‘Let me introduce you to that leg of mutton,’ said the Red Queen. ‘Alice—Mutton: Mutton—Alice.’ The leg of mutton got up in the dish and made a little bow to Alice; and Alice returned the bow, not knowing whether to be frightened or amused.
‘May I give you a slice?’ she said, taking up the knife and fork, and looking from one Queen to the other.
‘Certainly not,’ the Red Queen said, very decidedly: ‘it isn’t etiquette to cut anyone you’ve been introduced to. Remove the joint!’ And the waiters carried it off, and brought a large plum-pudding in its place.
‘I won’t be introduced to the pudding, please,’ Alice said, rather hastily, ‘or we shall get no dinner at all. May I give you some?’
But the Red Queen looked sulky, and growled ‘Pudding—Alice: Alice—Pudding. Remove the pudding!’ and the waiters took it away so quickly that Alice couldn’t return its bow.
However, she didn’t see why the Red Queen should be the only one to give orders; so, as an experiment, she called out ‘Waiter! Bring back the pudding!’ and there it was again in a moment, like a conjuring trick. It was so large that she couldn’t help feeling a little shy with it, as she had been with the mutton; however, she conquered her shyness by a great effort, and cut a slice and handed it to the Red Queen.
‘What impertinence!’ said the Pudding. ‘I wonder how you’d like it, if I were to cut a slice out of you, you creature!’ It spoke in a thick, suety sort of voice, and Alice hadn’t a word to say in reply: she could only sit and look at it and gasp…
This amusing extract from the popular book, written by Lewis Carol was evoked in my mind when I came across kabocha squash puddings at the local grocery store. These puddings were represented in a variety of flavors, except for the citrus one…Not a popular flavor in the continental America for some reasons, but I hope that it will change with time…

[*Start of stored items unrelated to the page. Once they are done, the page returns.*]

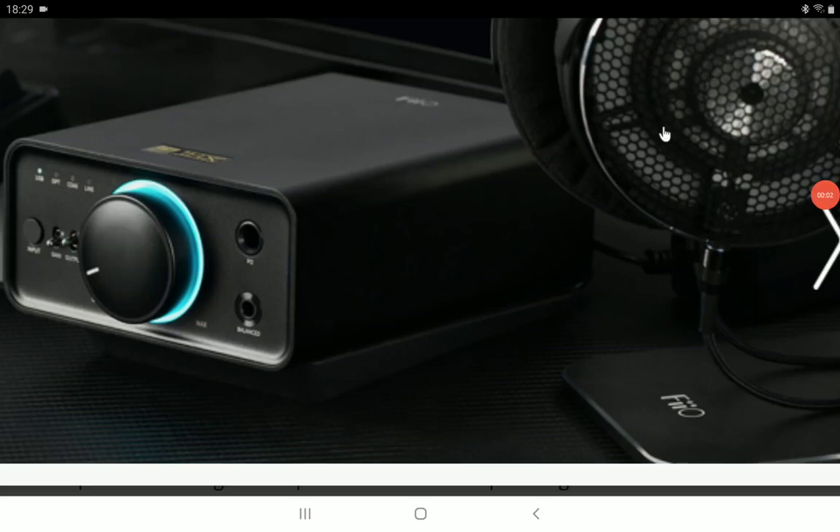FiiO is out with another desktop DAC headphone amplifier. This model is the K7 — a balanced desktop DAC amplifier. It's not expensive; you're looking at around 200 pounds. It's one of those reasonably priced DACs that the company has released.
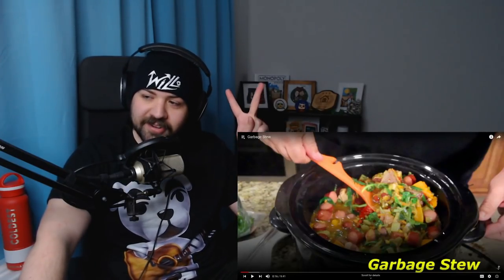Next up, garbage stew. Can't wait for that. Hey guys, let's see. This is another spur of the moment video, and I'm going to explain it to you in a minute. It's kind of sick and gross. Oh. But it should be good. Oh. I love that. Like Aunt Myrna's Party Cheese Salad?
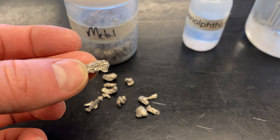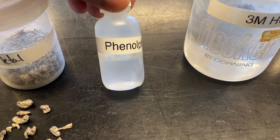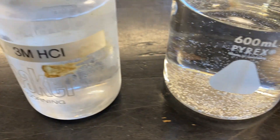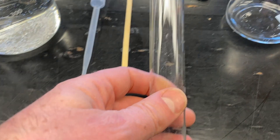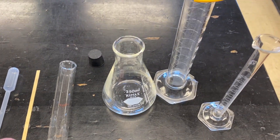In this experiment we're going to see three different reactions happen. We're going to use calcium metal and phenolphthalein — that's a great spelling word in my chemistry class. We're going to use hydrochloric acid, three molar, which tells the concentration. I've got some warm water and then just some chemistry supplies: some pipettes, a wood splint, a large test tube, an Erlenmeyer flask, and a couple of graduated cylinders.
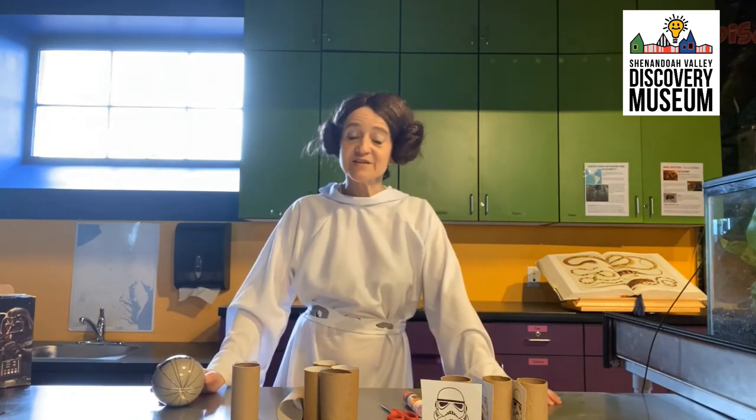Hi friends, this is Dr. Diane from the Shenandoah Valley Discovery Museum. Welcome to May the 4th Be With You Day. Today we are preparing to battle the dark side on the roof, and we're gonna do this with some stormtrooper bowling.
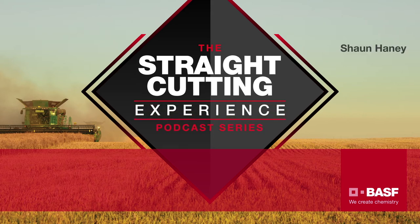Welcome to the Straight Cutting Experience, where we get exclusive stories from growers across Western Canada about straight cutting canola. Straight cutting really seems to have taken over the prairies. Everybody's interested in it and a lot of farmers are having real success. What growers really want to know is: will it work for me, and how do I make sure I have success? Join our discussion with Western Canadian farmers sharing their personal tips and experiences here on the Straight Cutting Experience.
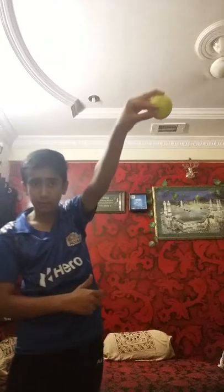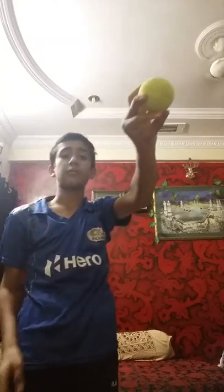The wrist should be cocked - it comes like this and pushes up. The ring finger pushes the ball and the ball comes like this. Thank you for watching my videos, please like, subscribe, and share. Thank you.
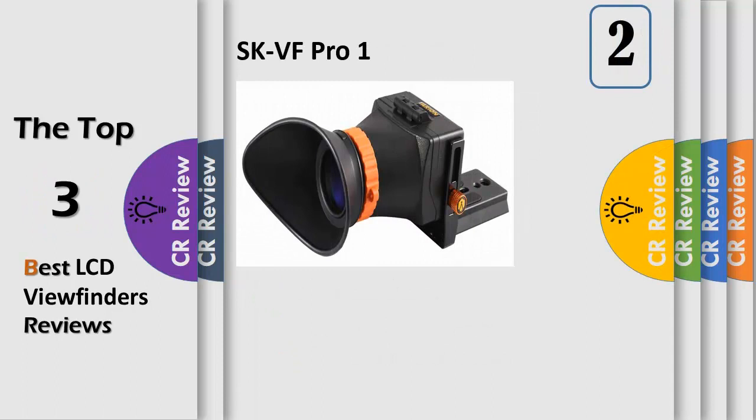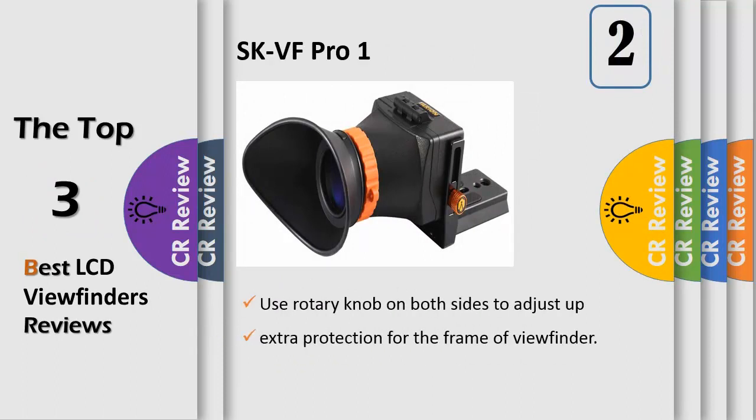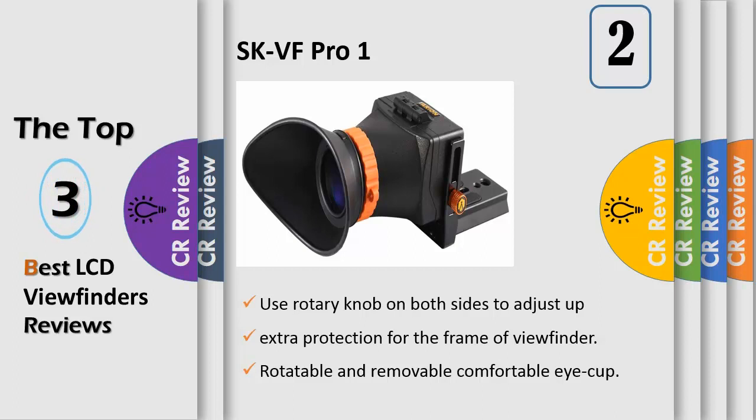Number 2: use the rotary knob on both sides to adjust up and down — more convenient and refined than the original bottom hex adjustment. Adjustable metal parts on both sides provide extra protection for the frame. The viewfinder base blade fits Manfrotto fluid head 501/701 thick and extended quick release base plates, and features a rotatable and removable comfortable eye cup.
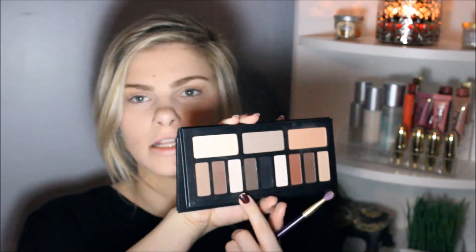I'm going to put the large cream shade on my eyelid. Then I'm going to use a shade that's a bit more white to just go under my eyebrow. All right, that's all I'm going to do for eyeshadow.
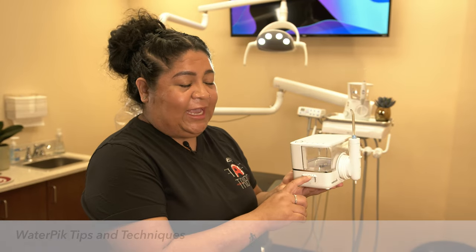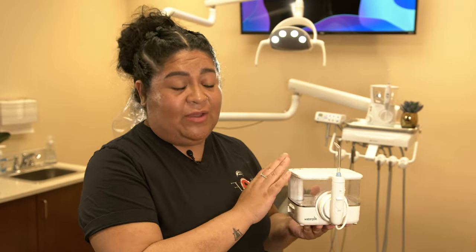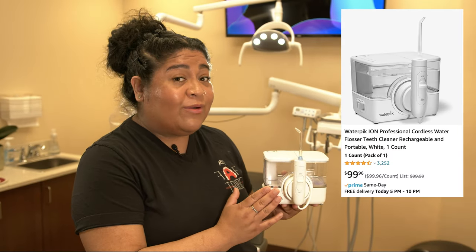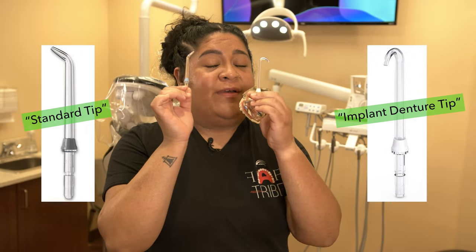Once brushing is done, follow up with your Waterpik. For the Waterpik, feel free to get any over-the-counter model as long as it has actual settings — you do not want one that just has low, medium, and high with nothing in between. You want settings so you can work your way up to higher levels. This particular Waterpik is the Ion, one of our favorites. Make sure you're using two tips: your standard tip and your hook tip. Most Waterpiks come with five or seven tips — ignore the rest.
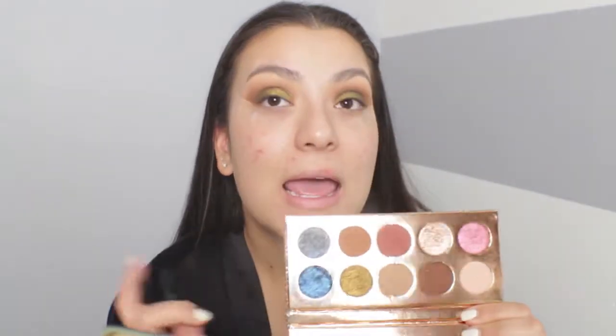Just so you guys know, this glitter will move around when blending without a primer — it's almost all over the lid, which looks stunning, but it won't stay crisp. Now that the lids are done, instead of a blown-out smoky liner I'm going to apply a wing with my Kat Von D liquid liner, so it doesn't take attention away from the lids.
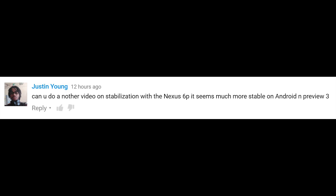Can you do another video on stabilization with the Nexus 6P? It seems much more stable on Android N Preview 3. Justin, I had another video planned today, but after I saw this comment, I had to test it out. It's like I can never say no to Nexus stuff.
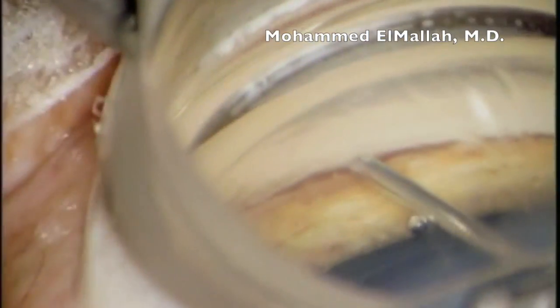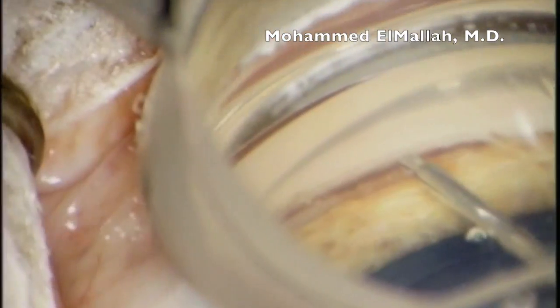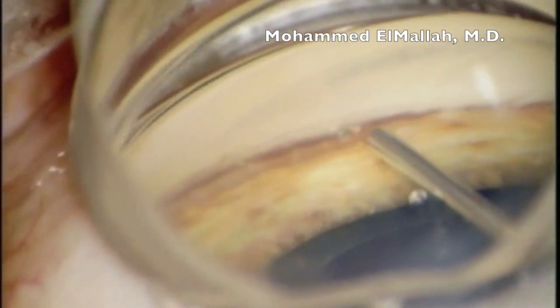I would also advise that you be careful not to hyperinflate the anterior chamber, as this will collapse Schlemm's canal and make it significantly more difficult to thread the device into Schlemm's canal.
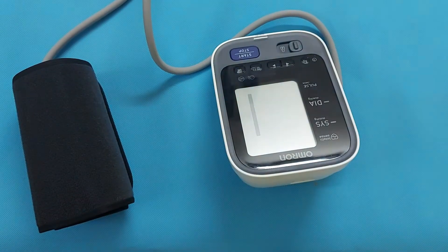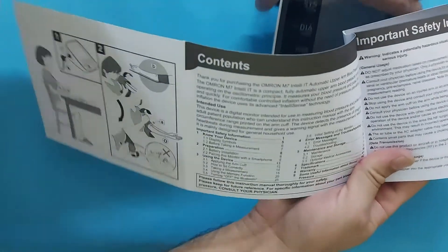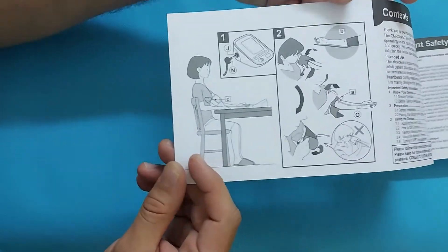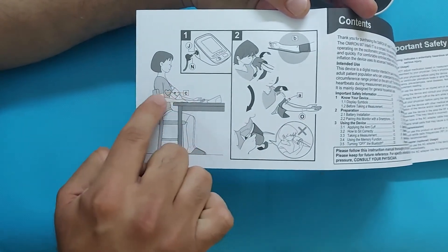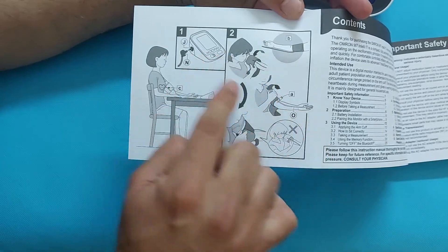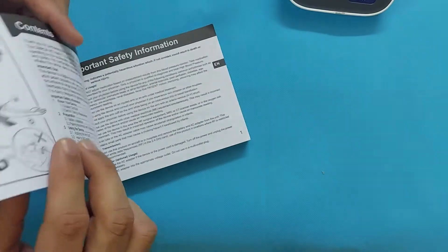Let me show you how to measure blood pressure with this digital blood pressure monitor. First, sit on a chair — as mentioned in the booklet, sit on the chair and keep the device in front of your table. Make sure the arm cuff is level with your heart, as shown in the picture. For the left hand and the right hand, the arm cuffing technique is different, which I will show you next in this video.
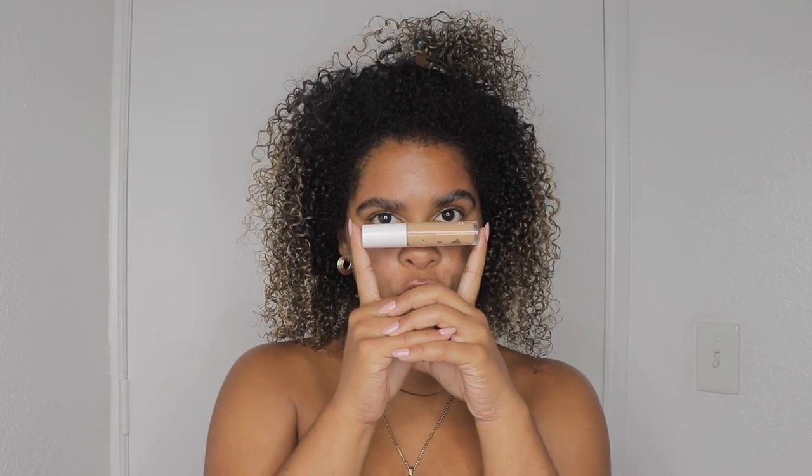Now we're going to the concealer. This is the elf hydrating camo concealer in the shade medium sand, and I'm just going to put it all over here.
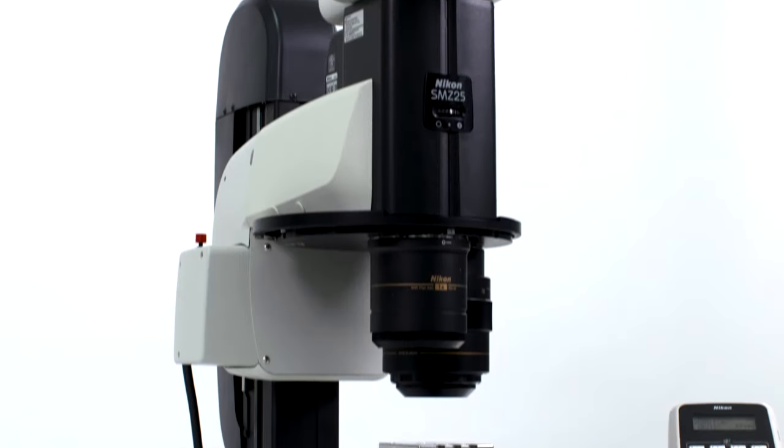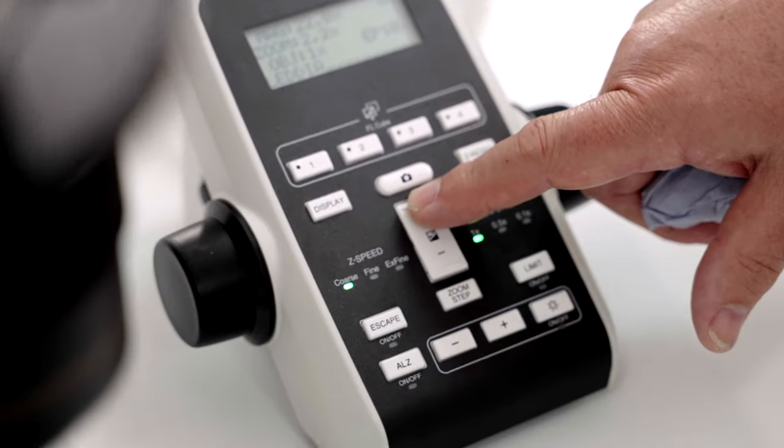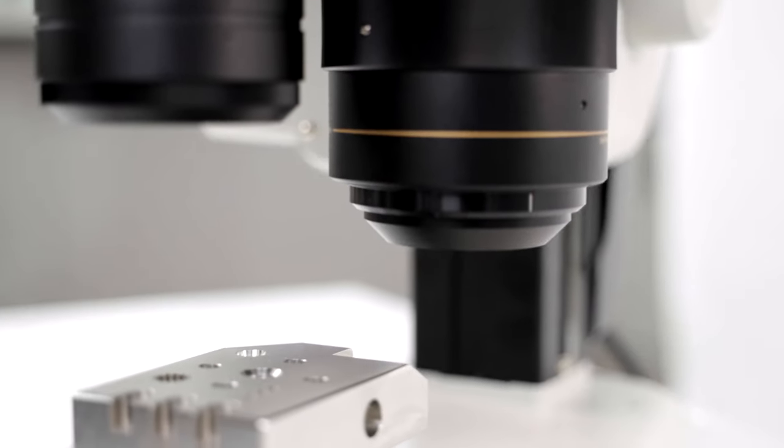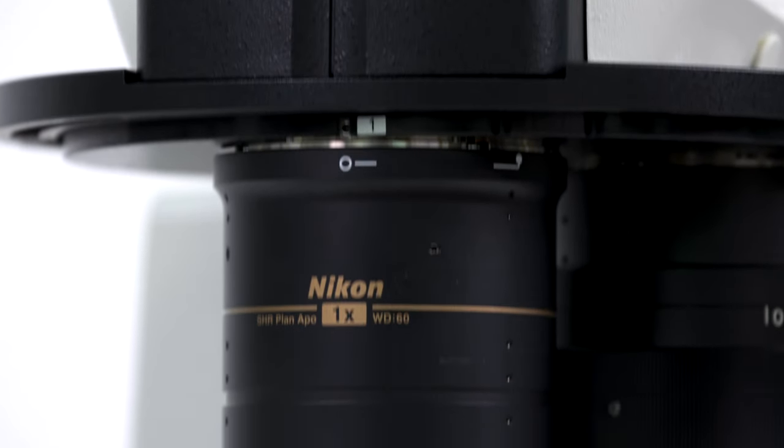The SMZ25 is a very special microscope indeed — it stands out clearly from the crowd. Firstly, it has a zoom ratio of 25 to 1, which is far ahead of any other high-end solution available. In fact, this is nearly 25% more zoomed than the previous world leader for a stereo microscope zoom ratio.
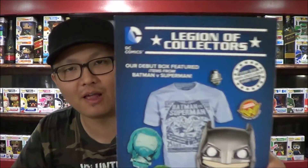This is kind of like a somewhat action pose. So let's take a look. In the box we have a promotional flyer for Legion of Collectors, which all the DC and Marvel boxes have now. And then let's take a look at him.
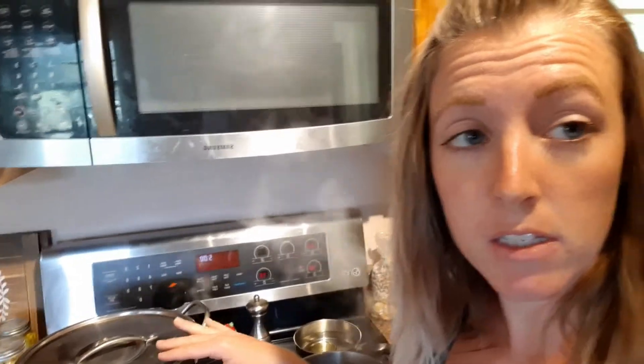My jars are freshly washed and still warm from being cleaned. They're going to go in for about 10 minutes and then sit out, and all of my lids have popped really well. Stay tuned and I'll let you know how all of it tastes — dilly beans are amazing, and I had to do my own because green beans are like my favorite.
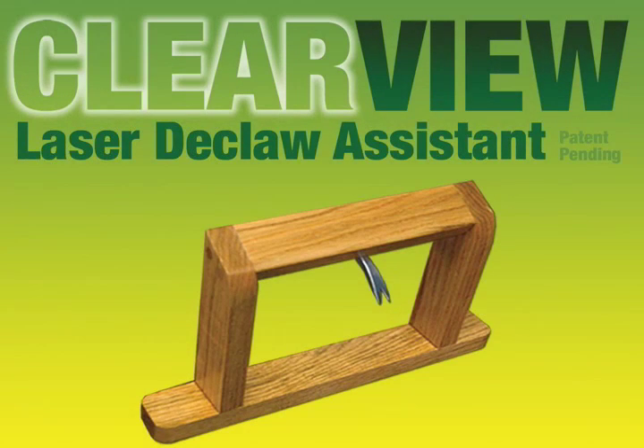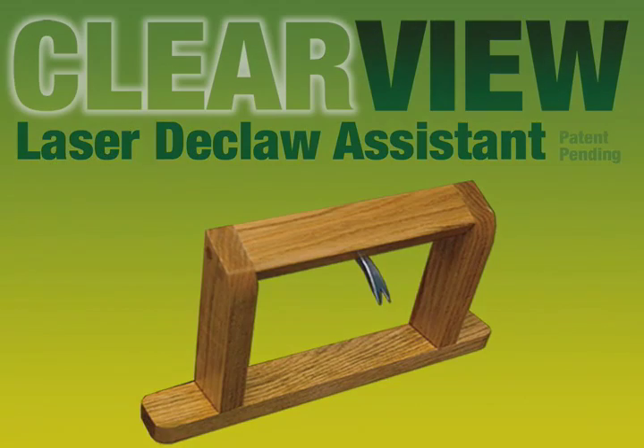Every vet who has tried the ClearView Declaw Assistant now insists on using it, not only because it cuts their surgery time in half, but because it makes the laser declaw an enjoyable procedure. Once you've tried it, you'll never want to perform another laser declaw without it.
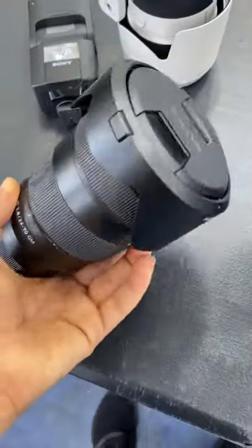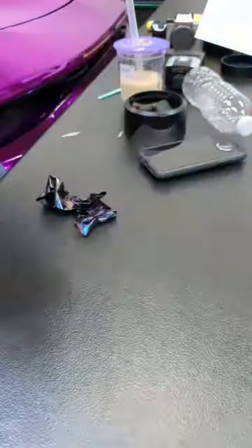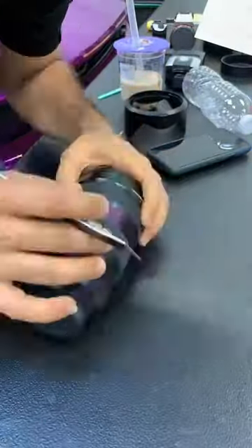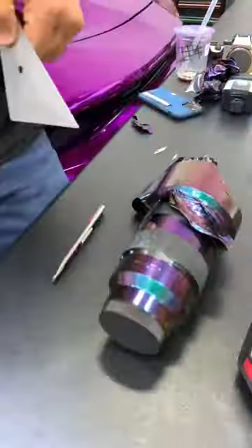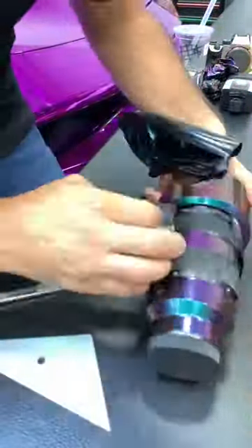Here's more of the camera equipment makeover. In this lens, we're using a color shift gloss finish. The owner of the equipment didn't know how that color would look, and ironically, we had a food truck being wrapped in this color at that time inside the shop.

My taste buds crave citrus flavor, so nothing could stop me from creating an orange kabocha squash pudding! It’s been years since I’ve discovered that nearly all types of pumpkins and sweet potatoes benefit greatly from citrus flavor as in this recipe of mine. Therefore, I proceeded with making orange kabocha squash pudding by implementing my mom’s technique originated from fruit conservation, which was very popular during the Soviet times. In the past we used to conserve all fruits and vegetables, available during summer to enjoy them later on in winter, as we had a limited access to fresh produce at the time, which luckily included citrus fruits! And, already equipped with the conservation know-how we conserved oranges as well, to enjoy them throughout the year…
- 1 small kabocha squash*
- ¼ cup maple syrup or honey
- ⅓ cup orange juice
- 1 tablespoon orange zest
- 1 cup coconut milk
- 1 tablespoon arrowroot starch+3 tablespoons orange juice
- 1 teaspoon coconut oil, for greasing
- For gelatin egg:
- 1 tablespoon gelatin powder
- 1 tablespoon lukewarm water
- 2 tablespoons hot water
- Preheat the oven to 400F.
- Prepare the “bain marie” by half-filling a baking dish with water and placing it on the lower rack.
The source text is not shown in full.